• **Your goal**: Lines from the top of the listing down to the one with "Ремонт — повод", inclusive, are to be copied exactly.

>>>>

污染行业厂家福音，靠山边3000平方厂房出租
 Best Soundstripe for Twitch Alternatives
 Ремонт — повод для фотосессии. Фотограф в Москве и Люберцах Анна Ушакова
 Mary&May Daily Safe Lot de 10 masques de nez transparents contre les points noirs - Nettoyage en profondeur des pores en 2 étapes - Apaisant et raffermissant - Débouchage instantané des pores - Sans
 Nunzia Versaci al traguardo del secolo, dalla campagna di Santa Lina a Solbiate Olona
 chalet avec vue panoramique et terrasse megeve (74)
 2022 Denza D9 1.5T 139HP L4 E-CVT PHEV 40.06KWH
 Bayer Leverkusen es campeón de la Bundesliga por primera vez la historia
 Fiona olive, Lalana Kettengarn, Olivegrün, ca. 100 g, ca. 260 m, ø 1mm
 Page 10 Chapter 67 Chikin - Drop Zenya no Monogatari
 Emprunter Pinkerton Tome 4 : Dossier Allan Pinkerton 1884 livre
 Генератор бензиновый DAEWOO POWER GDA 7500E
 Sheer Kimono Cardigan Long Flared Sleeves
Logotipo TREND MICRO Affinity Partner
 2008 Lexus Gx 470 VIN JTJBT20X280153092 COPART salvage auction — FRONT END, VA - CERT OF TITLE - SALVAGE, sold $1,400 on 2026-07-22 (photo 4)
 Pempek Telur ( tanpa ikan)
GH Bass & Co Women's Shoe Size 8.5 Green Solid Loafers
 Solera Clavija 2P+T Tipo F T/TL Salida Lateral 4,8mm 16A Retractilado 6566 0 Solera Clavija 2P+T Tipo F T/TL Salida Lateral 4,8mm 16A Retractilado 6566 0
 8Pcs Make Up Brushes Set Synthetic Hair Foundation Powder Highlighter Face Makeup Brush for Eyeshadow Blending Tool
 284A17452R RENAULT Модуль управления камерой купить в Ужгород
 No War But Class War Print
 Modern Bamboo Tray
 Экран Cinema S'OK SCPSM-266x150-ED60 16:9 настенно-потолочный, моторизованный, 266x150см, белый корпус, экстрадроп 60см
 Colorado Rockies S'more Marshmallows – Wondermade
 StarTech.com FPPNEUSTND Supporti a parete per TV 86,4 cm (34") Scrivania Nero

<<<<

• **Result**:
污染行业厂家福音，靠山边3000平方厂房出租
 Best Soundstripe for Twitch Alternatives
 Ремонт — повод для фотосессии. Фотограф в Москве и Люберцах Анна Ушакова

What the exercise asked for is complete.